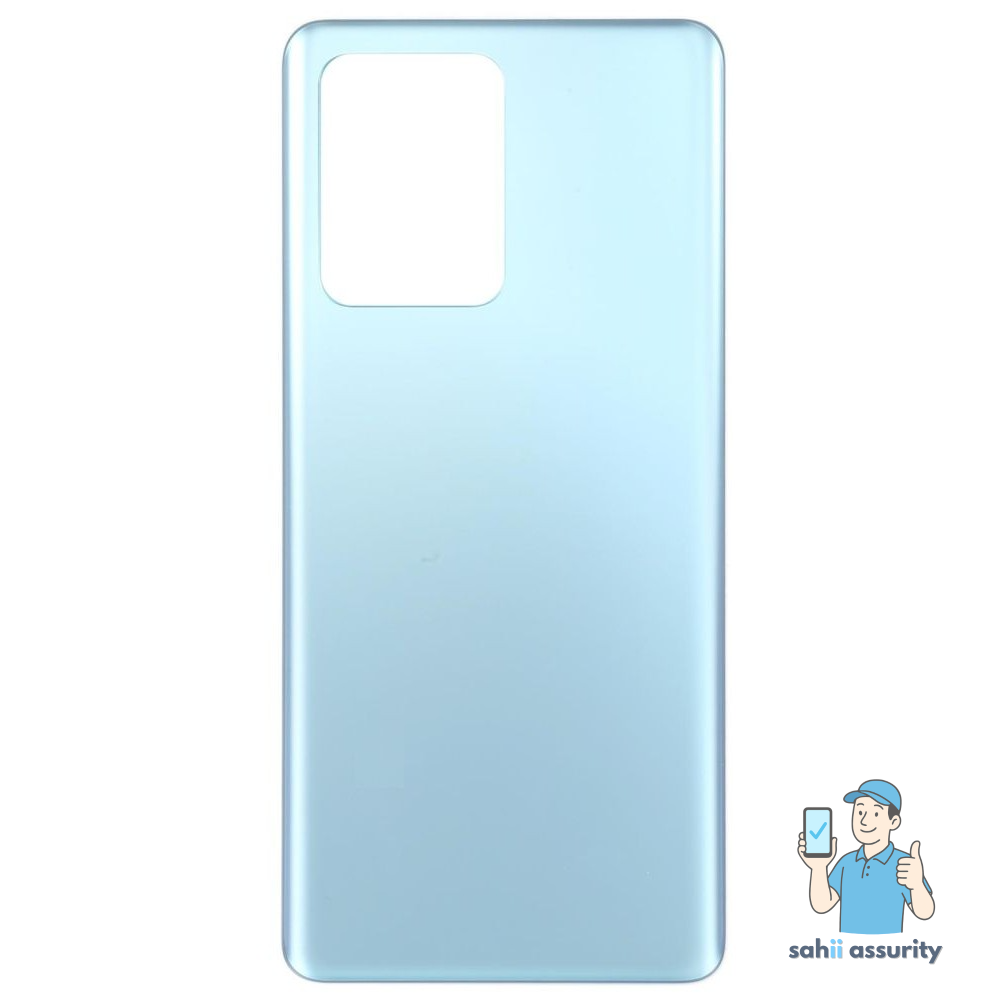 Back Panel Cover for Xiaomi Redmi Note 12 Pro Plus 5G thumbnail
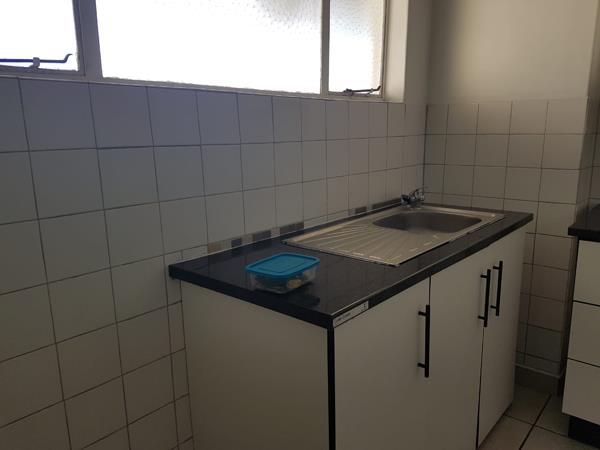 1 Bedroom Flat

...

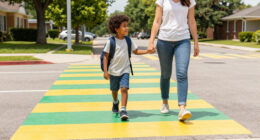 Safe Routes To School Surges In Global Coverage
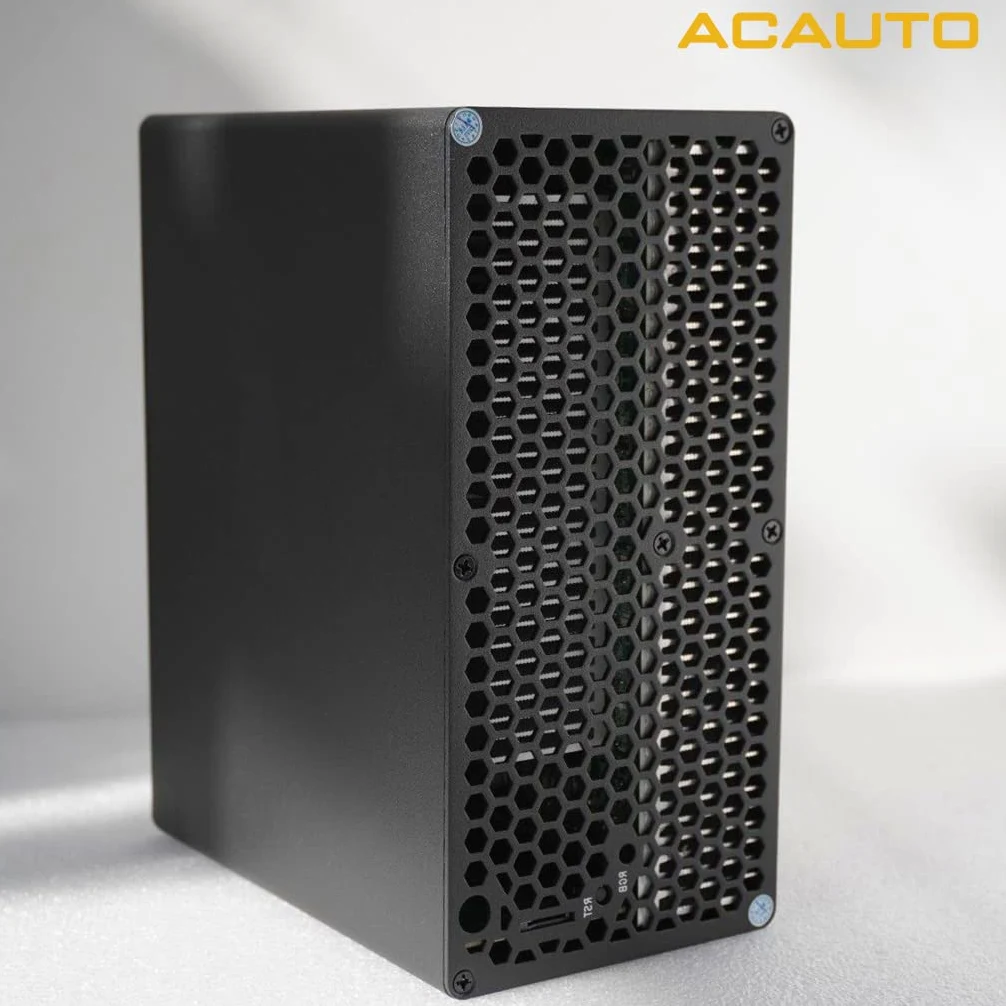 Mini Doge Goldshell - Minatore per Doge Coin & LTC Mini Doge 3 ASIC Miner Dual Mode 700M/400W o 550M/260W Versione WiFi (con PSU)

==

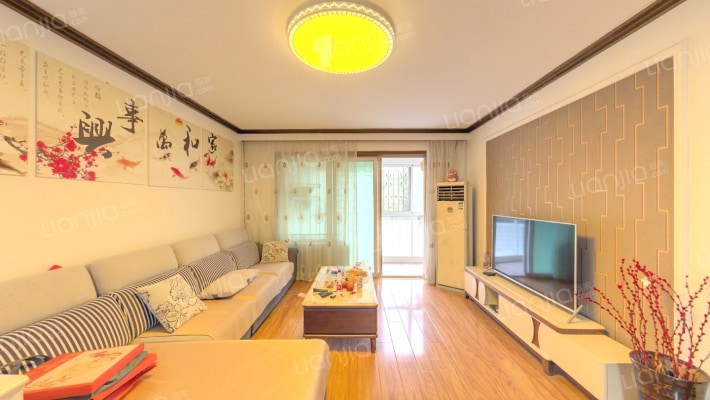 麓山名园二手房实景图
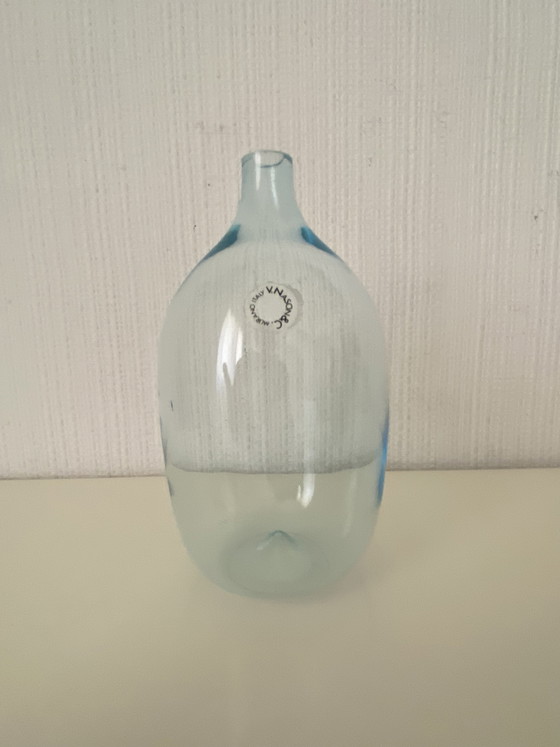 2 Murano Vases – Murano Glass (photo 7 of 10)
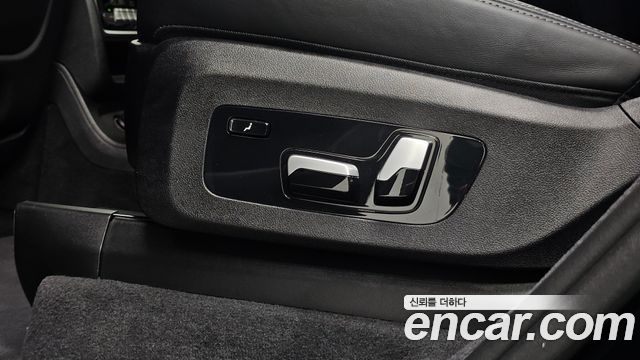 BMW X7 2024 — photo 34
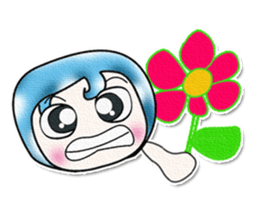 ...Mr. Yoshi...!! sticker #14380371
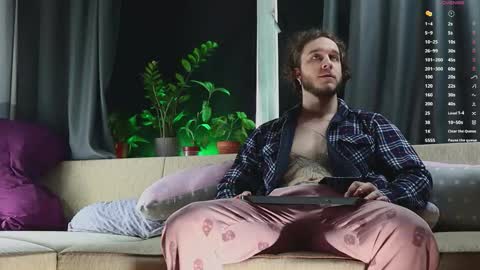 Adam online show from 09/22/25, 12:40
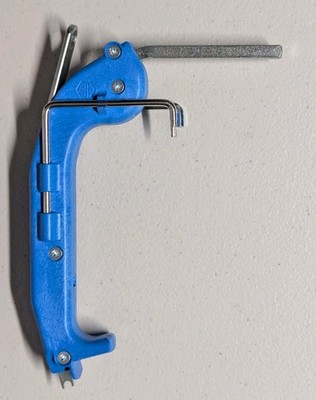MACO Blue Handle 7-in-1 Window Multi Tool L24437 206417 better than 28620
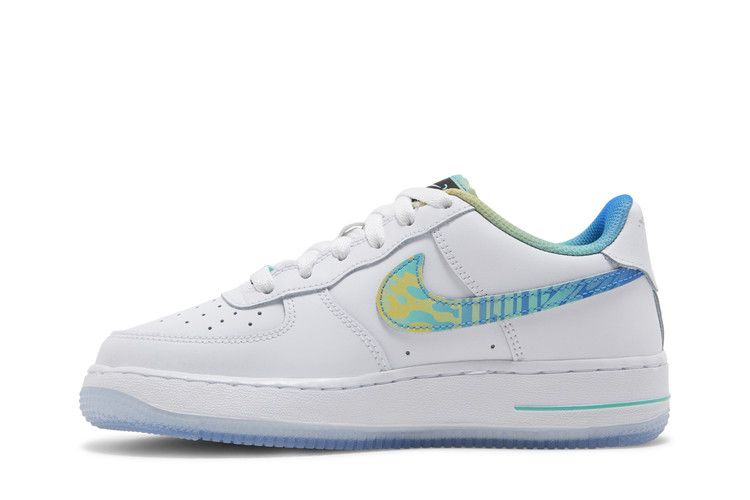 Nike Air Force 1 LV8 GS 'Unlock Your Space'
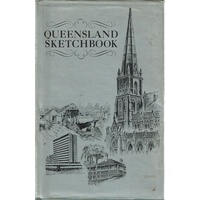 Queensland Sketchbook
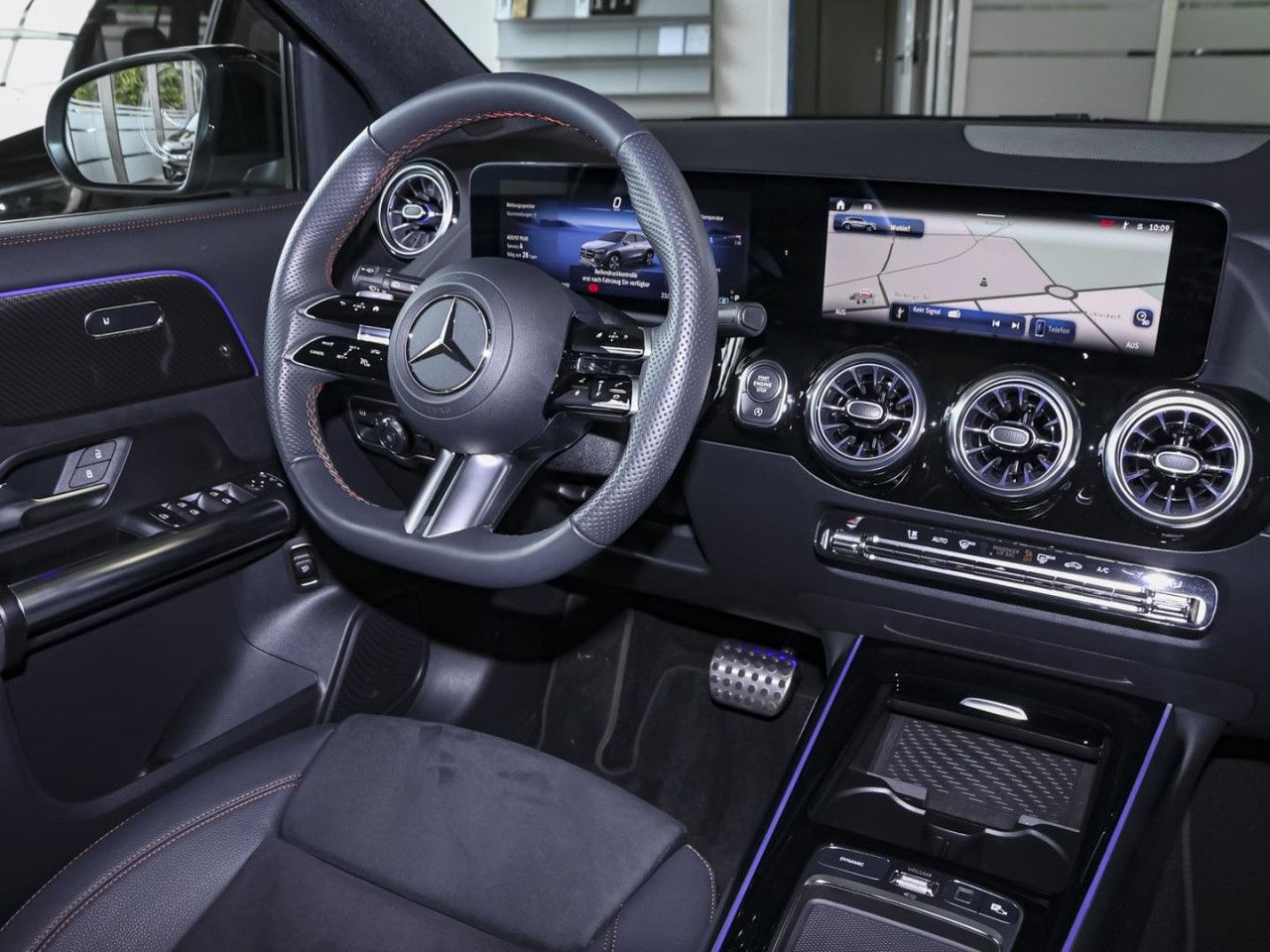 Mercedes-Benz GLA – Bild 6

# DIRECTIONS FOR THIS TASK
Print the line above containing "BMW X7 2024 — photo 34", the line containing "Mercedes-Benz GLA – Bild 6", and everything between them, exactly as written. Pictures stay out.

# PROBLEM SOLUTION
 BMW X7 2024 — photo 34
 ...Mr. Yoshi...!! sticker #14380371
 Adam online show from 09/22/25, 12:40
MACO Blue Handle 7-in-1 Window Multi Tool L24437 206417 better than 28620
 Nike Air Force 1 LV8 GS 'Unlock Your Space'
 Queensland Sketchbook
 Mercedes-Benz GLA – Bild 6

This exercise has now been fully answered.